A blog to welcome my I'm-never-coming-back return to St. Louis, complete with non-trained, non-scientific restaurant reviews, cooking adventures, and whatever else comes to mind.

Tuesday, August 31, 2010

The Unabashed Glutton's Diatribe About Stupid Restaurant Tag Lines

Saint Louis recently celebrated its Restaurant Week, a week where participating restaurants prepare a prix fixe menu at a set price (this year 25 dollars). The event organizers did a nice job of designing a website that made it easy to explore the various menus as well as reserve a spot via Open Table. In conjunction with Restaurant Week, the charitable organization "Operation Food Search" was running a campaign to add an "extra helping" to your check for a donation to its cause.

I had 28 restaurants to choose among, and I had only been to two or three previously, so the first task was making a selection.
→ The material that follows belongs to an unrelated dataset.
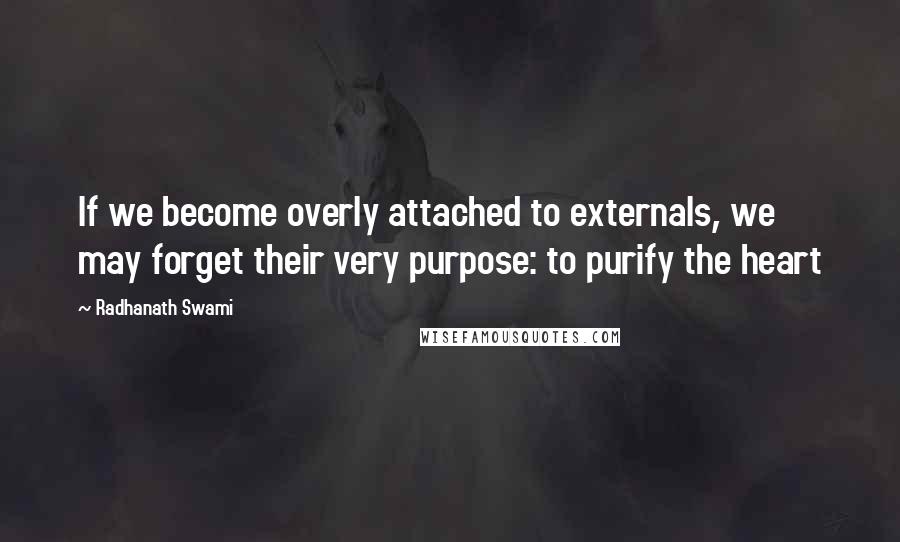 Radhanath Swami Quotes: If we become overly attached to externals, we may forget their very purpose: to purify the heart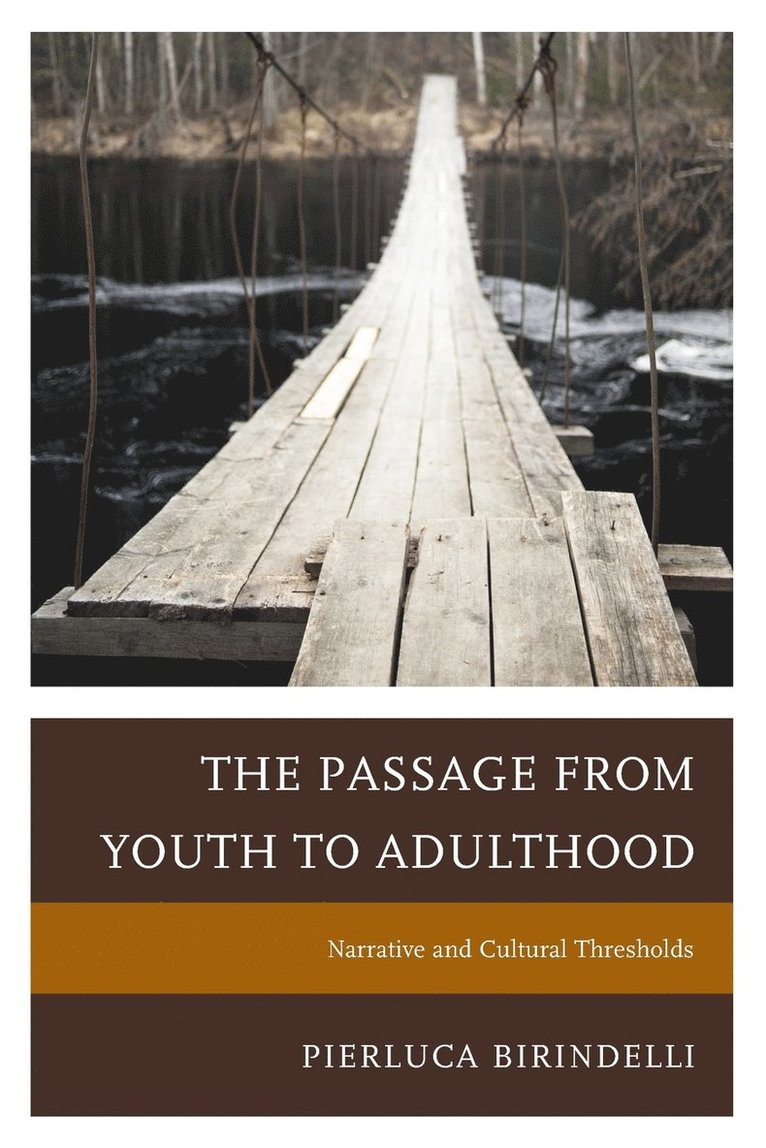 The Passage from Youth to Adulthood 1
After scouring over each and every menu, I decided on Mosiac Modern Fusion (?) Tapas, which was generously offering a five-course menu instead of the customary three-course.

Mosaic has moved sometime in the last four years from where Tim had his first experience ("like a bar") to where it is currently, with an upscale lounge and separate dining room outfitted with high-back booths and tall windows for great Washington Avenue people watching.
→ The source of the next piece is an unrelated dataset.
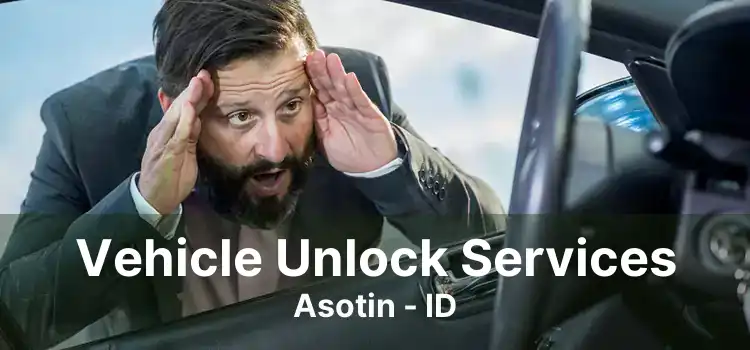 Vehicle Unlock Services Asotin - ID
The first course-the 'Amuse Bouche'-not really a course at all but a mini-tapa (tapita?) sort of adventure complete with truffle foam (huh?) and greenish something. It was just ok. Tim would have rather had a basket of bacon and I would have rather had something I could have copied to make at home, or better yet, identify. The second and third courses were soup and salad. Tim went traditional (safe) with baked potato soup and I ventured out with the watermelon/sriracha chilled soup. Now, if you know me well, you know I don't touch ANY melon, ever. However, it is not the taste but the texture and all puried up baby food style, this soup was a tasty, spicy concoction. We both had the arugula salad with a soft boiled egg to smoosh all over the place along with "speck" (just say bacon, for Christ's sake).

The main courses did leave a bit to be desired. Tim had 21-day dry aged sliced NY strip (meh) with fried manchego balls, which sound really awesome but tasted like fried dough. I had the king crab over foie gras (ha Chicago) and truffle emulsion, just because it sounded uber-expensive. Just sounded, not tasted.
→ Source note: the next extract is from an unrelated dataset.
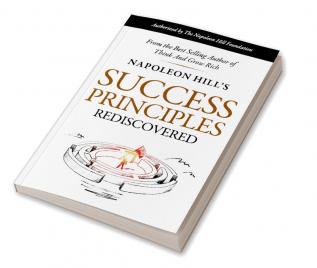 SUCCESS PRINCIPLES REDISCOVERED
Although we were ordering from the prix fixe menu and didn't venture into Mosaic's odd and somewhat limited tapas offerings, I have to make a comment here on its cuisine description, of which it is very proud, "modern fusion tapas." What the hell does that mean? The mere fact that you're using a Spanish word should imply Spanish food. Otherwise just say small plates. "Modern?" This allows Mosaic to use weird shit like foam and green stuff. And "Fusion"-I guess this is what allows to usage of the now colloquial "tapas." If we use manchego, we can call anything we want tapas. Hell, I'm calling tortilla chips tapas from now on. As long as they're a small portion and overpriced. Soapbox.